How to efficiently calculate distance between GPS points in one dataset and GPS points in another data set using data.table

Question

I am facing a coding (optimization) problem in R. I have a long data set with GPS coordinates (lon, lat, timestamp) and for every row I need to check whether the location is near a bus stop. I have a .csv file with all the bus stops (in the Netherlands). The GPS coordinates file is millions of entries long, but could be split if necessary. The bus stop dataset is around 5500 entries long.
Using the code and tips given on, inter alia, these pages:

1) How to efficiently calculate distance between pair of coordinates using data.table :=

2) Using a simple for loop on spatial data

3) Calculate distance between two latitude-longitude points? (Haversine formula)

4) Fastest way to determine COUNTRY from millions of GPS coordinates [R]
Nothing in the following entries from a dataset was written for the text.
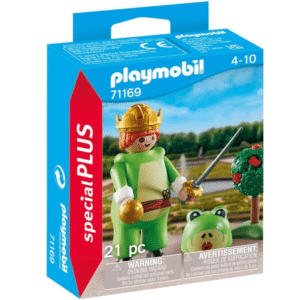 👑 Playmobil Froschkönig für 2,52€ (statt 4,50€)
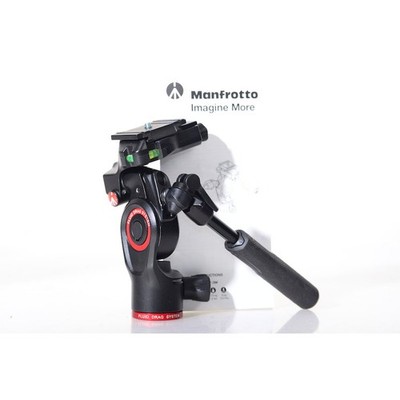 Manfrotto MH01HY-3W Befree 3Way Live Head - 3-Way Live Stativkopf - Head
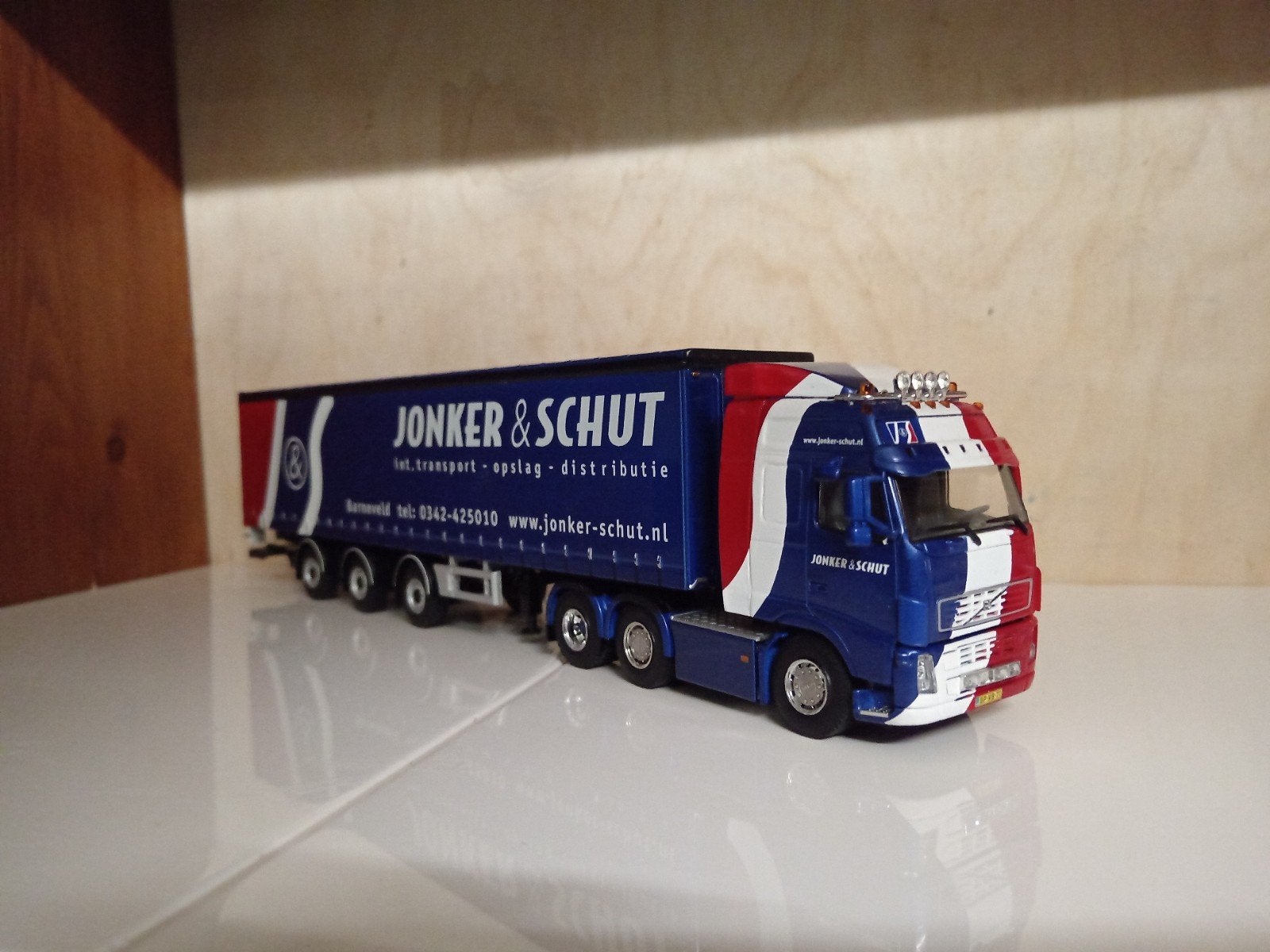 Volvo FH zeiloplegger Jonker & Schut WSI, W, Nieuw, Ophalen of Verzenden, W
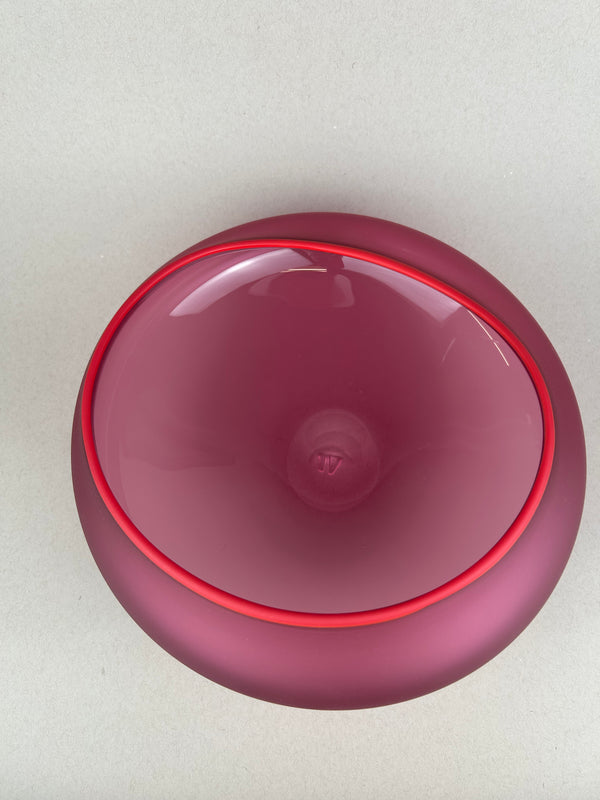 Supernatural Bowl Large Red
I was able to construct a code that works, but is (too) slow. I was wondering if someone can help me with a faster data.table() implementation or can point out where the bottle neck in my code is? Is it the spDistsN1() function, or maybe the apply and melt() functions combination? I am most comfortable in R, but open to other software (as long as it is open source).

Due to privacy concerns I cannot upload the full dataset, but this is a (small) reproducible example that is not too different from how the real data looks.

# packages:
library(data.table)
library(tidyverse)
library(sp)


# create GPS data
number_of_GPS_coordinates <- 20000
set.seed(1)
gpsdata<-as.data.frame(cbind(id=1:number_of_GPS_coordinates, 
                             lat=runif(number_of_GPS_coordinates,50.5,53.5), 
                             lon=runif(number_of_GPS_coordinates,4,7)))
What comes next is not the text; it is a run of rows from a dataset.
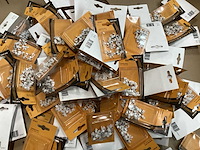 Elektrofix kabelclips 5 mm wit (98x) - afbeelding 1 van  3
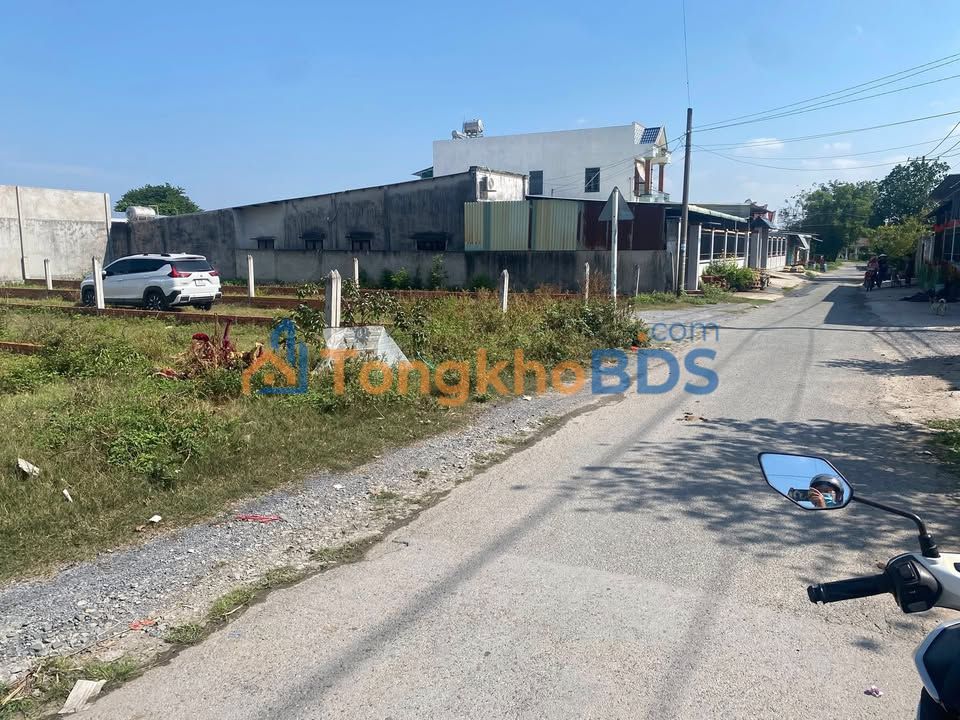 Đất nền Tân Thạnh Đông Củ Chi 300m² 4,6 tỷ - Thổ cư nở hậu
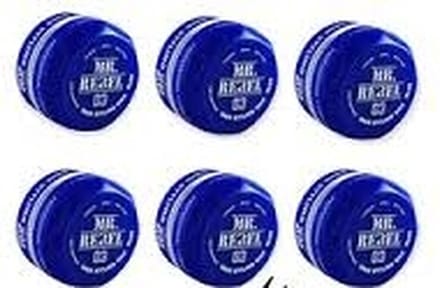 MR REBEL 03 STYLING WAX (6 STUKS) 900 ml - Haar wax - Styling wax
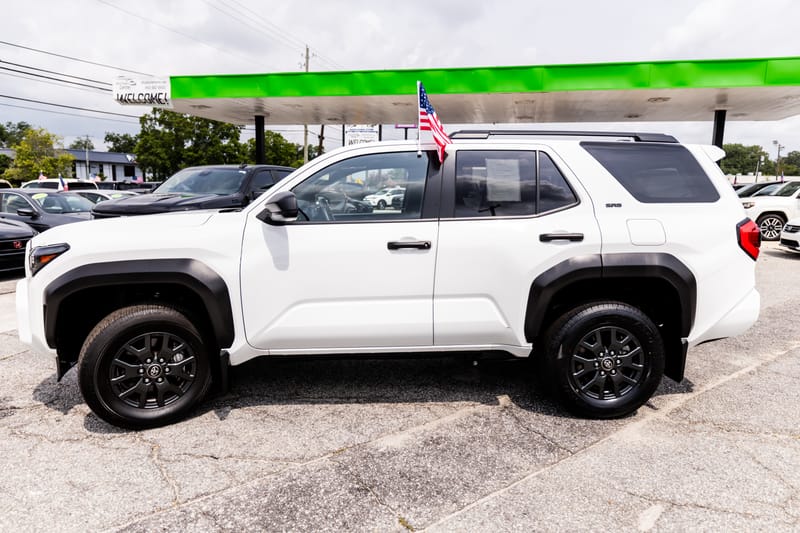 2025 TOYOTA 4RUNNER SR5 - TOY011727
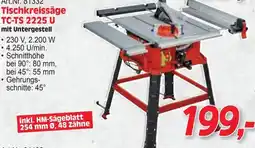 Zgonc Tischkreissäge TC-TS 2225 U Angebot
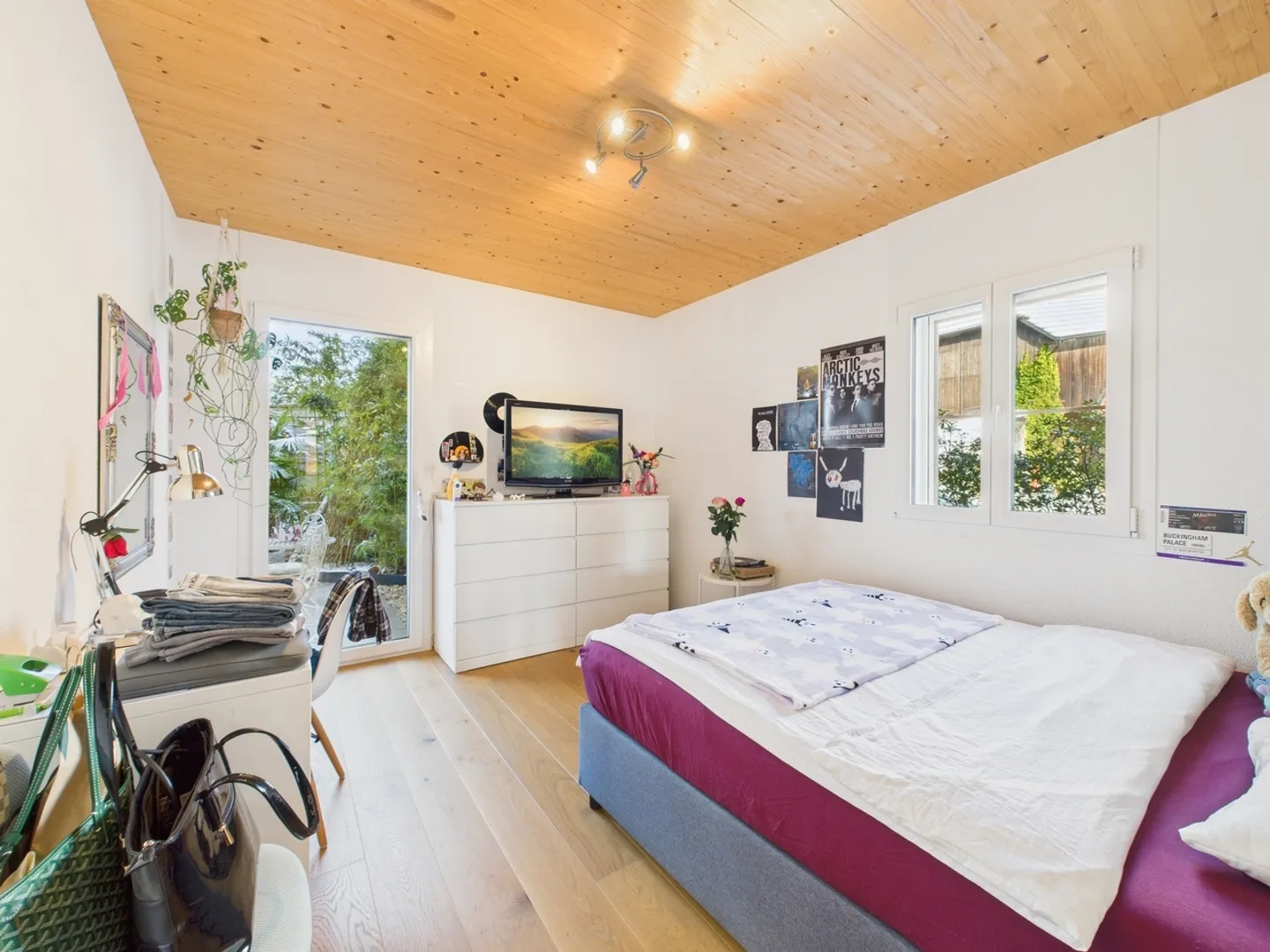 Appartement lumineux de 4,5 pièces à Buchegg - Photo 7 sur 12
# create some busstop data. In this case only 2000 bus stops
set.seed(1)
number_of_bus_stops <- 2000
stop<-as.data.frame(gpsdata[sample(nrow(gpsdata), number_of_bus_stops), -1]) # of course do not keep id variable
stop$lat<-stop$lat+rnorm(number_of_bus_stops,0,.0005)
stop$lon<-stop$lon+rnorm(number_of_bus_stops,0,.0005)
busdata.data<-cbind(stop, name=replicate(number_of_bus_stops, paste(sample(LETTERS, 15, replace=TRUE), collapse="")))

names(busdata.data) <- c("latitude_bustops",  "longitude_bustops", "name")

Download the real bus stop data if you want, kind of hard to reproduce a random sample of this.

#temp <- tempfile()
#download.file("http://data.openov.nl/haltes/stops.csv.gz", temp) #1.7MB
#gzfile(temp, 'rt')
#busstopdata <- read.csv(temp, stringsAsFactors = FALSE)
#unlink(temp)
#bus_stops <- fread("bus_stops.csv")
#busdata.data <- busstopdata %>%
#  mutate(latitude_bustops = latitude)%>%
#  mutate(longitude_bustops = longitude)%>%
#  dplyr::select(name, latitude_bustops,  longitude_bustops)

Code I use now to calculate distances. It works but it is pretty slow

countDataPoints3 <- function(p) {
  distances <- spDistsN1(data.matrix(gpsdata[,c("lon","lat")]), 
                         p,
                         longlat=TRUE) # in km
  return(which(distances <= .2)) # distance is now set to 200 meters
}


# code to check per data point if a bus stop is near and save this per bus stop in a list entry
datapoints.by.bustation       <- apply(data.matrix(busdata.data[,c("longitude_bustops","latitude_bustops")]), 1, countDataPoints3)


# rename list entries
names(datapoints.by.bustation) <- busdata.data$name

# melt list into one big data.frame
long.data.frame.busstops       <- melt(datapoints.by.bustation)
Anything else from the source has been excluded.